→ **Work item**
Can you quote, word for word, every line from the first line of the records below through the line containing "Defender Video Doorbell", and nothing else?
── Data for analysis ──
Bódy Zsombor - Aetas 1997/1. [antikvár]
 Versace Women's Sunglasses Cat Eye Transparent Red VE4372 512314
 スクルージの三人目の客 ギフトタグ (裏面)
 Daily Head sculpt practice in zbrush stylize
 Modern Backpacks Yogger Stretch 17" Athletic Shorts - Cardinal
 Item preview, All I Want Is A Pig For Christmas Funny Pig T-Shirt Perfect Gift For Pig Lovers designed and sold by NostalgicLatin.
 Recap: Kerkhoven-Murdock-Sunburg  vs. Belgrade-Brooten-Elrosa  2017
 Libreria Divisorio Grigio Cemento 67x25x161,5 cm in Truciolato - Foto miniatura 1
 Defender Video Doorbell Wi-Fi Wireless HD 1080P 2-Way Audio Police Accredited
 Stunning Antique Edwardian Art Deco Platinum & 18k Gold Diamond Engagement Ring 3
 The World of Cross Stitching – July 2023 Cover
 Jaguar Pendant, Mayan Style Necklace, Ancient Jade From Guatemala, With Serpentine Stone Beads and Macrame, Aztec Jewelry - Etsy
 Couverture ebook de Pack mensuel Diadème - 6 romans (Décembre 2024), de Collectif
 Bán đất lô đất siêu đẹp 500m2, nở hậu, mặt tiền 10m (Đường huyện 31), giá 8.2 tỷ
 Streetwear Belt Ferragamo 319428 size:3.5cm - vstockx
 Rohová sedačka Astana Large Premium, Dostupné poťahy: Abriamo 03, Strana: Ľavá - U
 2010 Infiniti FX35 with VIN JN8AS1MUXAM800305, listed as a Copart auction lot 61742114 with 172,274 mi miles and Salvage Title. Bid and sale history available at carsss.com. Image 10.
───
→ **Task result**
Bódy Zsombor - Aetas 1997/1. [antikvár]
 Versace Women's Sunglasses Cat Eye Transparent Red VE4372 512314
 スクルージの三人目の客 ギフトタグ (裏面)
 Daily Head sculpt practice in zbrush stylize
 Modern Backpacks Yogger Stretch 17" Athletic Shorts - Cardinal
 Item preview, All I Want Is A Pig For Christmas Funny Pig T-Shirt Perfect Gift For Pig Lovers designed and sold by NostalgicLatin.
 Recap: Kerkhoven-Murdock-Sunburg  vs. Belgrade-Brooten-Elrosa  2017
 Libreria Divisorio Grigio Cemento 67x25x161,5 cm in Truciolato - Foto miniatura 1
 Defender Video Doorbell Wi-Fi Wireless HD 1080P 2-Way Audio Police Accredited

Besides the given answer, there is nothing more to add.